◆ **Task item**: Required from the data below: the exact lines starting at the line containing "220L Big Size" and ending at the line containing "Loft High Rise", with both ends kept and all pictures dropped.

◆ **Entries supplied**:

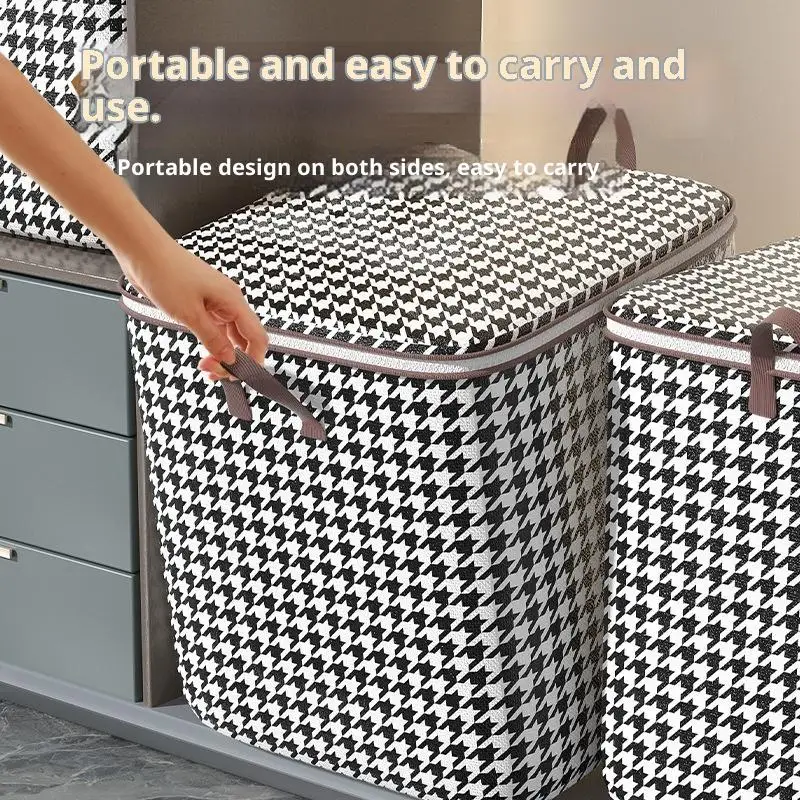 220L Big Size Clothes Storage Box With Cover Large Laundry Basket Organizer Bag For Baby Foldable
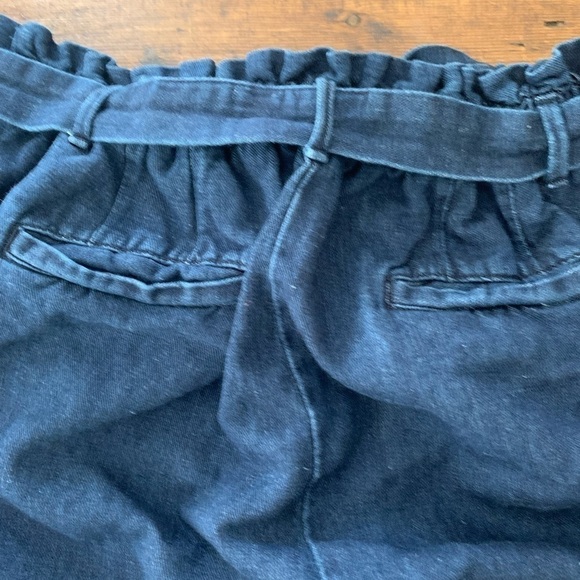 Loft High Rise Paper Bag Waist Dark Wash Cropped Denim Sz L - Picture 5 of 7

---

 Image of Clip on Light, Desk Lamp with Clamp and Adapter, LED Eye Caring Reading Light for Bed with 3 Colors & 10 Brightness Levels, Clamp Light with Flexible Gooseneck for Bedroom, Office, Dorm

==

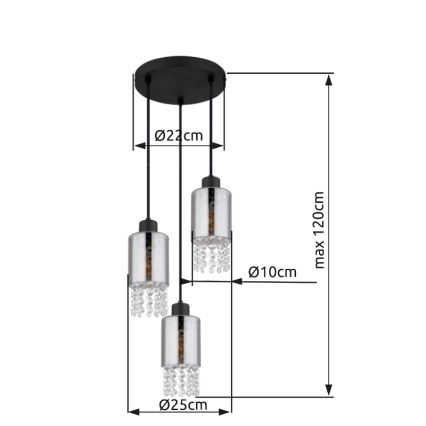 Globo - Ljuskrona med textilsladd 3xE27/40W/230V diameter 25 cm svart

◆ **Result below**:
 220L Big Size Clothes Storage Box With Cover Large Laundry Basket Organizer Bag For Baby Foldable
 Loft High Rise Paper Bag Waist Dark Wash Cropped Denim Sz L - Picture 5 of 7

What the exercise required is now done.